Fig. 4: Decoding based on electromyographic (EMG) signals.

To measure the contribution of potential muscular activity to syllable decoding, we computed a classifier based solely on EMG data from the right zygomaticus major and the orbicularis oris, separately for offline and online sessions. a CV accuracies based on EMG (dotted lines) and EEG (solid line) data acquired during the offline (blue) and online (salmon) sessions. Error bars indicate the standard error of the mean. b Training slopes calculated by fitting a linear model across the 5 training days, separately for EEG (solid filling) and EMG (striped filling) and the two sessions (offline: blue, online: salmon). Boxes represent the interquartile range (IQR), with the horizontal line indicating the median, and whiskers extending to data points that are within 1.5× the IQR from the upper and lower quartile.

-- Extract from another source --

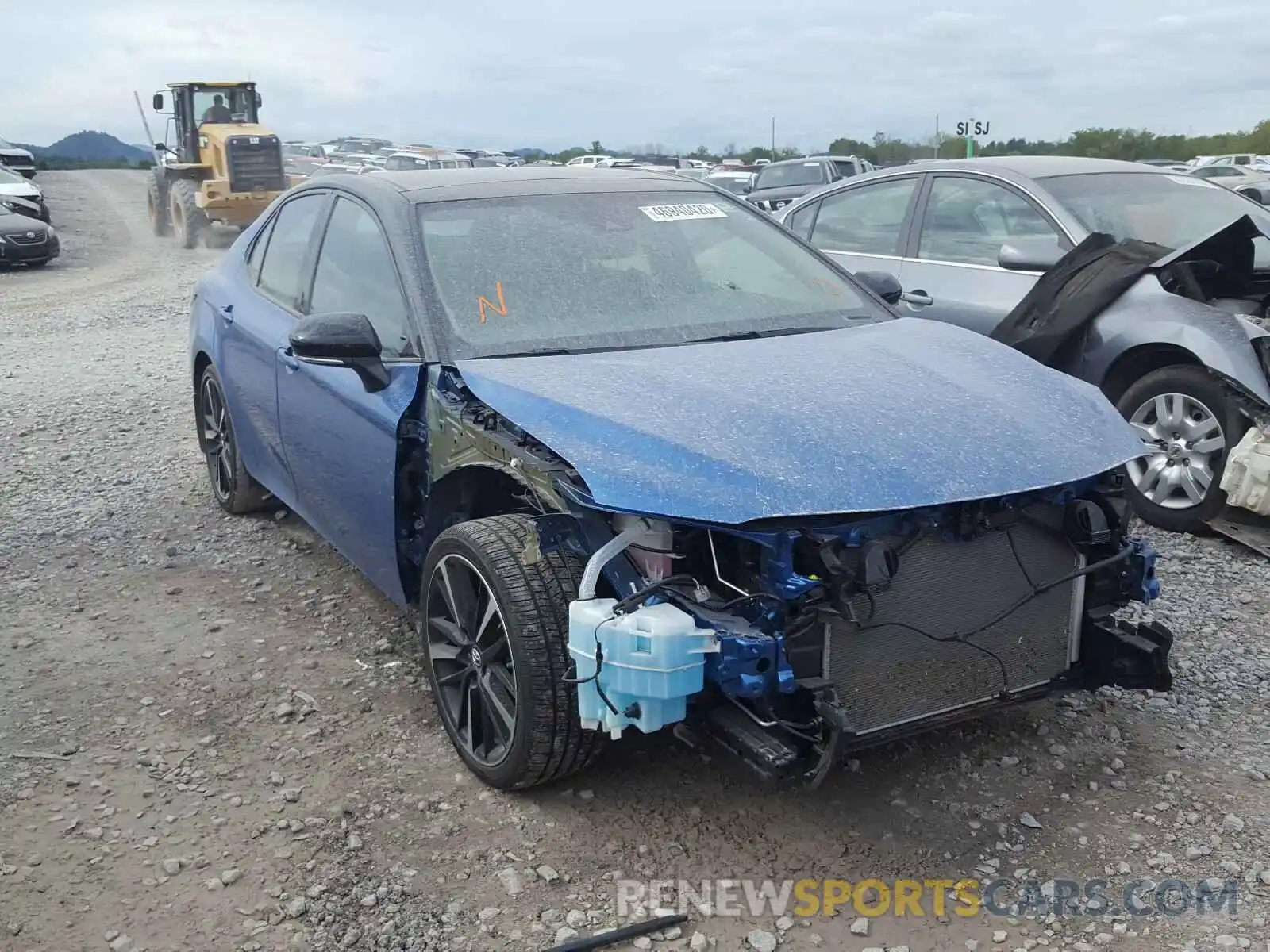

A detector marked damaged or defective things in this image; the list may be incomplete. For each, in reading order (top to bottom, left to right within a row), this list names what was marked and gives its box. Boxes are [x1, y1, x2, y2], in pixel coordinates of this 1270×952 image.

damaged front end of blue car [406, 324, 1168, 787]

Individual points represent data from a single participant (n = 15). c Correlation between the learning slope representing the behavioral improvement in BCI-control and the slope obtained considering the CV-accuracy for the EMG-online dataset (n = 15). d Histogram representing for each frequency, the average features’ weights obtained considering the EMG activity recorded during the offline session (the histogram is to be qualitatively compared with Fig. 2b). Significance is denoted with * for p < 0.05.